Audencia Business School is a French grande école and business school located in Nantes, France. It is one of the only 0.5% of business schools in the world accredited by the Association of MBAs (AMBA), European Quality Improvement System (EQUIS), and the Association to Advance Collegiate Schools of Business (AACSB). Audencia is also BSIS labelled. The school enrolls 6,100 students from almost 90 countries on bachelors, international masters, specialised masters, MBAs, doctorates and executive education courses.

Audencia is often ranked in the top 12 business schools in France . In 2022, the Financial Times ranked its Masters in Management program 47th in the world. Audencia's Full-Time MBA was ranked 58th in the MBA ranking 2018 by CNN expansion and 90th in the world by The Economist (October 2018).

History
Audencia  was founded in 1900 as the École Supérieure de Commerce de Nantes. Until 1970, the school occupied the building which is today home to the city's natural history museum. It then moved into a purpose-built campus of 23,000 m2 to the north of the city centre opposite Nantes University.
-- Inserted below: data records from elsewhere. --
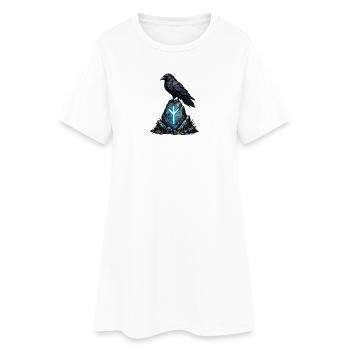 Rabe auf Runenfels mit Leuchtzeichen - Frauen T-Shirt-Kleid - Weiß - Vorne
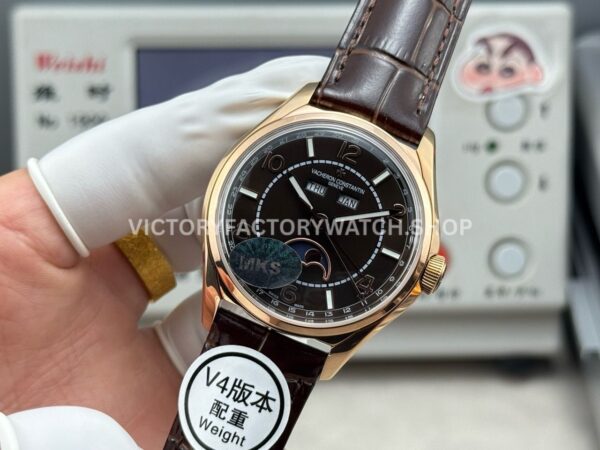 MKS Factory Vacheron Constantin Fiftysix 4000E 40mm Rose Gold Leather Strap Arabic Numerals Black Dial (1) MKS Factory Vacheron Constantin Fiftysix 4000E 40mm Rose Gold Leather Strap Arabic Numerals Black Dial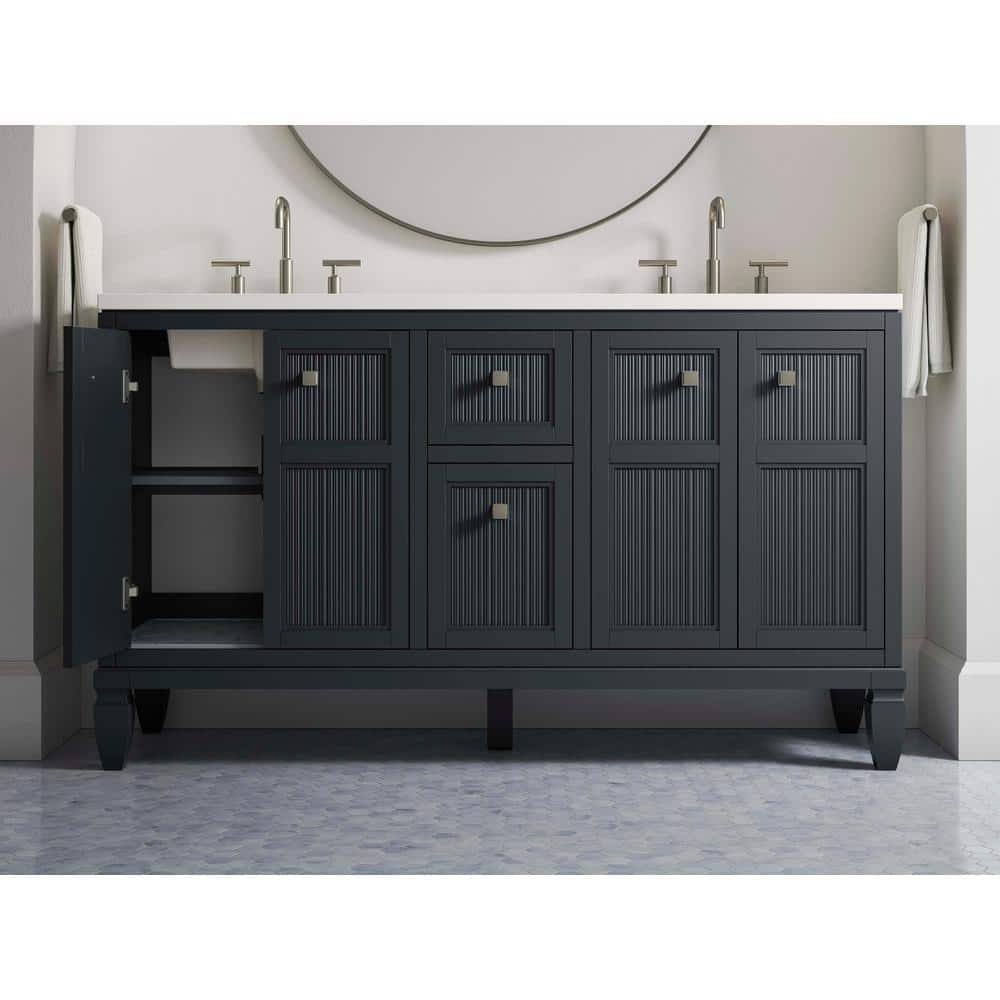 Slate Grey 48-Inch MDF Bathroom Vanity with Quartz Top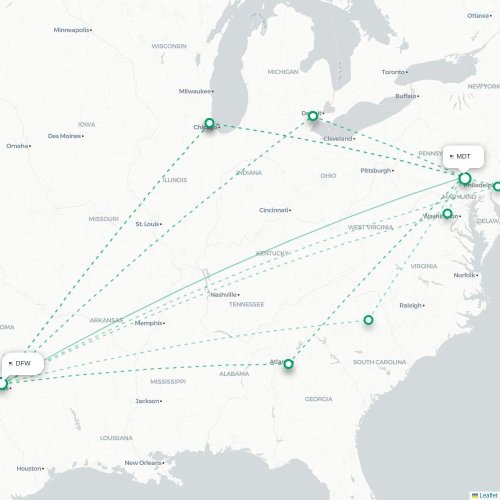 Mapa lotu bezpośredniego Dallas – Harrisburg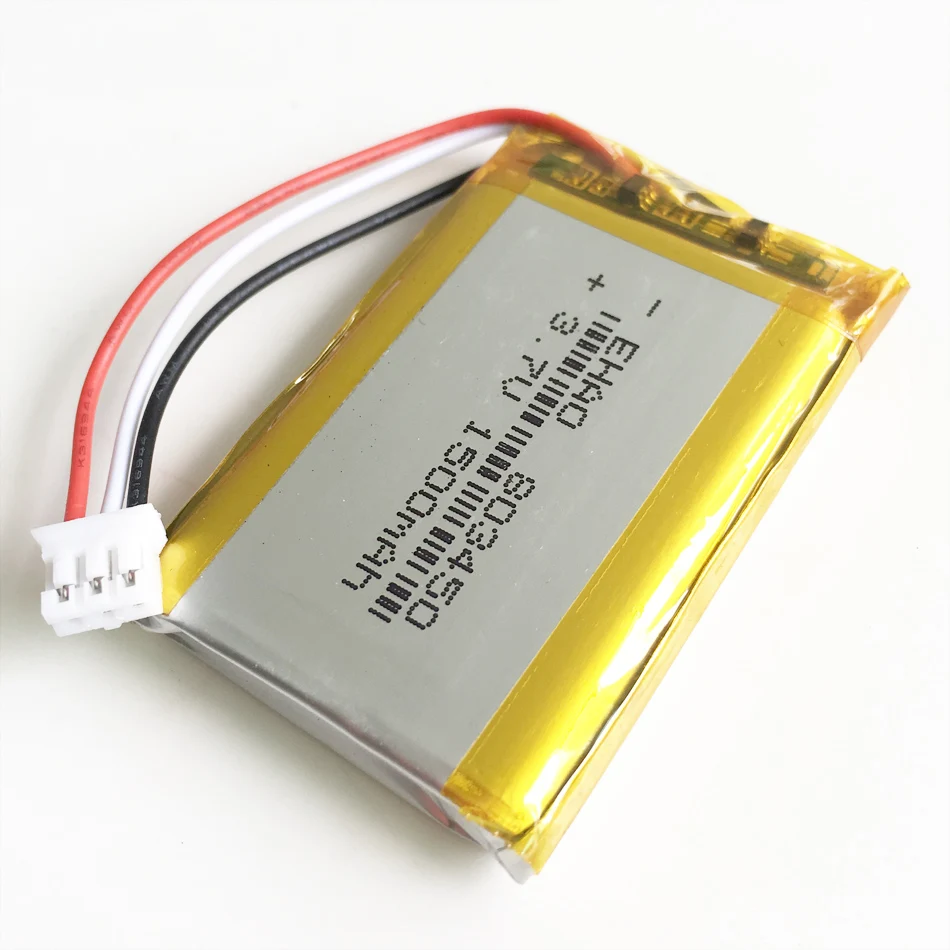 

3.7V 1500mAh Lithium Polymer LiPo Rechargeable Battery with JST PH 2.0mm 3pin connector For MP3 DVD PAD camera GPS laptop 803450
In 2000, the school changed its name to Audencia Nantes School of Management. The name "Audencia" is a blend of two words: audientia, which means "listening," and audacia or "boldness."

Since 2004, the school has been associated with the Global Compact, a United Nations initiative that brings together firms, the business world and the civil society united on ten universal principles relative to human rights, working conditions and the environment.

In 2015, the school was reaccredited by the three global accreditations (AMBA, EQUIS, AACSB) for the maximum period of five years.

In 2016, the school changed its name to Audencia Business School which includes the bachelor and masters programmes of former schools SciencesCom and the Ecole Atlantique de Commerce.

In 2017, the school adopted a new legal status and became a public-private partnership (École consulaire or EESC) largely financed by the public Chambers of Commerce in Nantes St-Nazaire.

Grande école degrees 

Audencia is an École consulaire (EESC), a private institution of higher education funded and supervised by the city of Nantes, the local council and the chamber of commerce and industry. As a member of the Conférence des grandes écoles, Audencia has the status of a Grande école. Grandes écoles are elite French institutions of higher education that are separate from, but parallel and often connected to, the main framework of the French public university system. Grandes écoles admit students through an extremely competitive process, and a significant proportion of their graduates occupy the highest levels of French society. Similar to Ivy League schools in the United States, Russell Group in the UK, and C9 League in China, graduation from a grande école is considered the prerequisite credential for any top government, administrative and corporate position in France.

The degrees are accredited by the Conférence des Grandes Écoles and awarded by the Ministry of National Education (France). Higher education business degrees in France are organized into three levels thus facilitating international mobility: the Licence / Bachelor's degrees, and the Master's and Doctorat degrees. The Bachelors and the Masters are organized in semesters: 6 for the Bachelors and 4 for the Masters. Those levels of study include various "parcours" or paths based on UE (Unités d'enseignement or Modules), each worth a defined number of European credits (ECTS). A student accumulates those credits, which are generally transferable between paths. A Bachelors is awarded once 180 ECTS have been obtained (bac + 3); a Masters is awarded once 120 additional credits have been obtained (bac +5). The highly coveted PGE (Grand Ecole Program) ends with the degree of Master's in Management (MiM)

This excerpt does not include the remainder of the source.